For organizations that use the calendar year as its fiscal year, the deadline for filing your annual information return (on Form 990, or some variant of it) is fast approaching: May 16, 2016. Let’s look at some of the basics of annual information return reporting for 501(c)(3) organizations:
Which version of Form 990 do I file?
There are three main variants for Form 990:
- Form 990, for most organizations with gross receipts of $200,000 or more OR total assets of $500,000 or more;
- Form 990-EZ, for most organizations with gross receipts of less than $200,000 AND total assets of less than $500,000;
- Form 990-N (e-Postcard), for most organizations with gross receipts under $50,000.
Don’t forget that your filing may be more than just the form itself–you may have additional schedules to fill out as well. If you’re working on these forms, be careful; make sure you get all the schedules you need as well–and you may want to have a professional work on it anyway.

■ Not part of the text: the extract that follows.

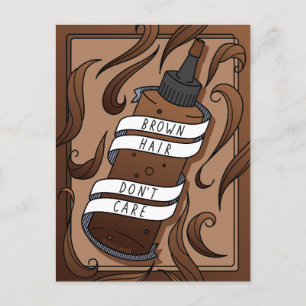 Bruin Haar Funny Cartoon Tattoo Dye Bottle Briefkaart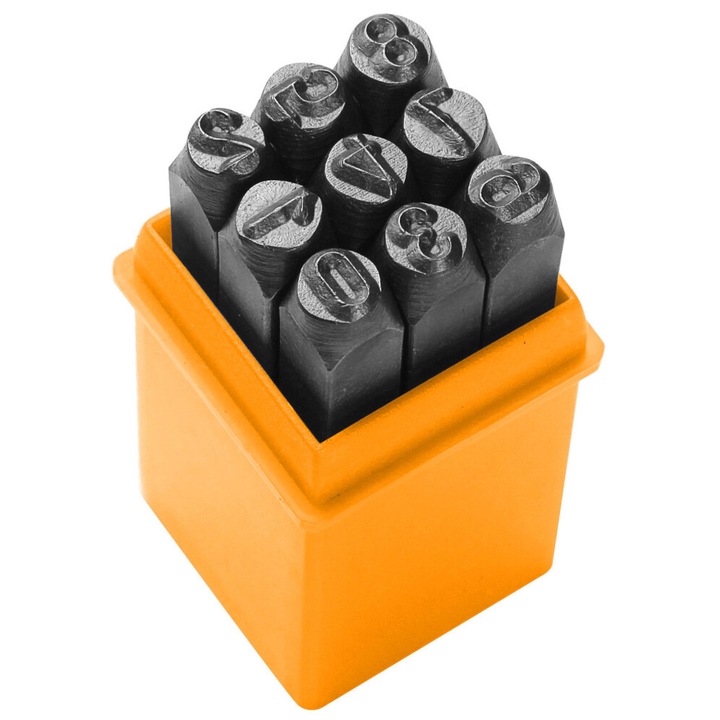 Tolsen 9 db-os csapkiütő készlet, 3 mm, acél, számozással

If you qualify for 990-N (e-Postcard) filing, there is no paper form; the form is submitted electronically through the IRS website. If you’ve filed a 990-N before, that’s a new thing–the IRS had accepted them through the Urban Institute, but that changed at the end of February 2016.
There are still some organizations that are exempt from filing Form 990, and the IRS has a list of those exceptions. If your organization is of a type on that list, make sure you review the list closely to ensure that you don’t have to file something else instead. For instance, the list includes stock bonus, pension, or profit-sharing trusts that qualify under section 401 of the Internal Revenue Code. However, that entry also indicates that those trusts should file Form 5500, so be careful to make sure you don’t have some other reporting requirement.
When do I have to file?
Form 990 is due by the 15th day of the 5th month following the close of your fiscal year. If your organization’s fiscal year is the calendar year, that usually means May 15 of the following year. This year, May 15, 2016 happens to fall on a Sunday, so the deadline falls on the following Monday, May 16. If you have a different fiscal year, you’ll need to calculate it from the end of your fiscal year.

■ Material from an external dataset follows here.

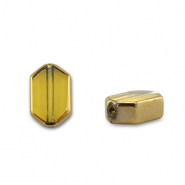 Perles en verre hexagone Jaune transparent-doré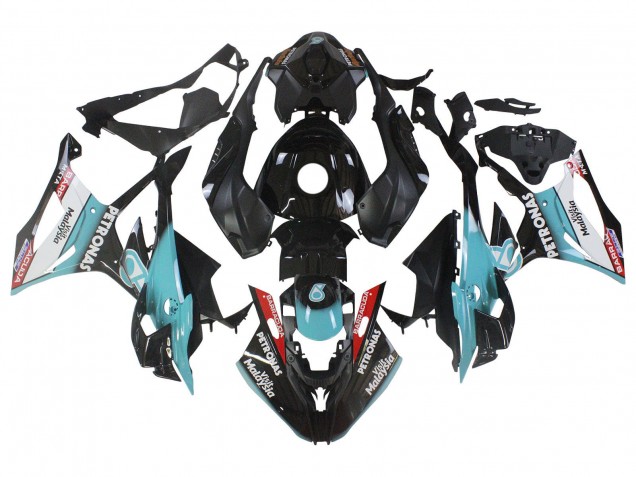 Preisgünstige BMW S1000RR Motorrad Verkleidung 2023-2024 - Hellblau Matt Schwarz Petronas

What if I miss required filings?
If you don’t file for 3 consecutive years, the IRS will automatically revoke your organization’s tax-exempt status. If that happens, the organization will no longer be tax-exempt starting from the due date of the third missed return. If the organization was a 501(c)(3) organization prior to revocation, any contributions you receive after revocation will no longer be tax-deductible for your donors, which can be a very big mess.
If your organization is automatically revoked, it is significant work to have the tax-exempt status reinstated. If this happens, you have to file an application to have your organization’s tax-exempt status reinstated. Depending on the circumstances, this can be a lot of work–in one case, I had an organization that had to file a new 1023, 990-EZs for each of the missing years, and a statement explaining why the failures occurred and how the failures would be prevented in the future. Short version: make sure the return gets filed each year!
If your organization needs an extension, it can apply for one using Form 8868.
Remember, Form 990 is a public document, and it tells the public a lot about your finances. It should be completed carefully and accurately. However, it also gives you some opportunity to brag about the projects you’ve completed, so you really can use it as an opportunity to show off your organization’s work.